Era algo que ela queria ouvir, mas o alívio vinha acompanhado de uma necessidade ainda maior de se desculpar. E ela continuou de costas para a mãe, colhendo as palavras com dificuldade.
_ Eu sinto muito... Me desculpe pelo que eu disse antes...
_ ... Eu sei – Medena acenou, de olhos baixos – Mas não há dúvidas de que você seja minha filha. Não importa o que aconteça... eu amo você.
Sem dizer palavra, Elly se voltou com um sorriso triste em seu rosto. Fei estava certo, ela não era uma estranha. Ou não seria tão difícil para Elly aceitar que, ao sair de sua casa novamente, provavelmente não tornaria a ver Medena. Não havia como, a seu ver. E ela abraçou a mãe, escondendo o rosto.
_ Mamãe...
_ Eu sei, querida – Medena sorriu, afagando os cabelos da filha – Agora... É melhor que se apresse.
_ Eu sei – Elly se afastou, enxugando os olhos – Tome conta de você, mamãe.
Sem outra palavra, Elly correu para fora do quarto, apenas para encontrar o pai diante dela na porta. Apesar de sério, no entanto, ele parecia saber exatamente o que ela pretendia fazer, e não a estava detendo.
_ Elly... Fique com isto.
Elly reconheceu o cartão de acesso de nível militar de Erich. Com aquele cartão, mesmo dentro do Palácio, não deveria haver passagem que fosse manter-se fechada para ela.
_ Pai...?
_ Ser humano é ser capaz de escolher seu próprio caminho na vida – Erich disse, de olhos baixos. Também sabia que aquilo provavelmente seria um adeus; como dissera antes a Fei, no entanto, não havia mais nada que pudesse fazer.
_ ... Pai.
Ouviram um som vir do lado de fora, e Erich voltou-se para o salão principal, suspirando.
_ Parece que a polícia militar chegou. Venha, você pode ir enquanto eu falo com eles.
Elly acompanhou o pai escada abaixo até que chegassem ao salão principal. E havia soldados em vestes negras especiais, liderados por um oficial comandante todo em vermelho, que se deteve diante de um surpreso Erich.
_ A Guarda Imperial...? Por que estão aqui ao invés da polícia militar...?
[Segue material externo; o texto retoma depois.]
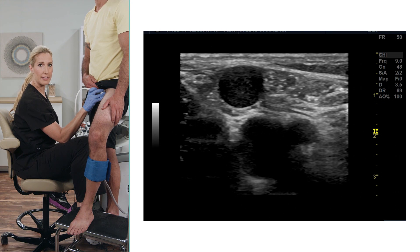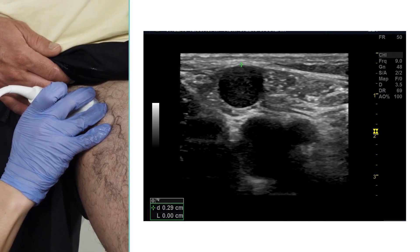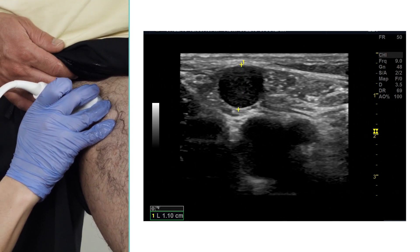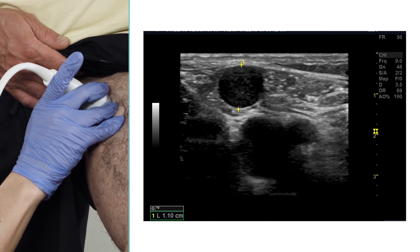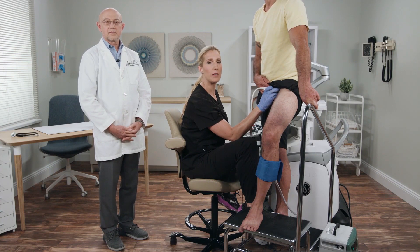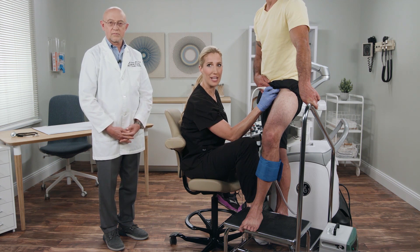I'm going to measure this vein to see what the diameter is. This vein measures 1.1 centimeters. We will now proceed with the spectral pulse wave Doppler portion of the evaluation to assess for reflux in this region of the great saphenous vein.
Sem responder, o comandante fez menção de passar por Erich e alcançar Elly, mas foi detido.
_ O que está fazendo? – Erich agarrou o braço do homem – O intruso partiu. Minha filha não tem nada a ver com isso!
_ Lamento, Senhor Erich – o comandante soltou o próprio braço – Deve entregar sua filha a nós. São ordens do Senhor Krelian.
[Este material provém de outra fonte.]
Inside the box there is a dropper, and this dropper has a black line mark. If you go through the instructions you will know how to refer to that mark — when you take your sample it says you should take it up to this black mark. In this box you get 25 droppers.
_ O Senhor Krelian? O que ele quer com a minha filha... O quê? Não vai me dizer que... O plano de Gazel...?!
_ O senhor não necessita saber – o comandante voltou-se para seus homens – Levem-na!
_ Deixem minha filha em paz! – Erich, antes que qualquer um pudesse se mover, sacou a pistola e retirou a arma da cintura do comandante, colocando-o sob mira – Ou então...!
_ Pai?
_ O-o quê? – pela primeira vez, o comandante da Guarda Imperial parecia ter perdido a frieza imparcial – Senhor Erich! Por acaso perdeu o seu juízo?
_ Eu estou perfeitamente bem – Erich apontou sua pistola para os outros soldados, mantendo a do comandante contra o próprio – Deixem ela em paz!
_ As ordens do Senhor Krelian são as ordens do Imperador – um dos soldados argumentou – Percebe o que vai acontecer com a sua posição se desobedecer esta ordem? Vai ser rebaixado a cidadão de Terceira Classe!
_ Eu sei disso. Mas, mesmo que seja uma ordem do Senhor Krelian, eu não vou permitir que minha filha se torne um instrumento das pesquisas dos Gazel. Elly, vá! Eu cuido disso!
_ Mas...
_ Não se preocupe comigo. Vá ajudar Fei.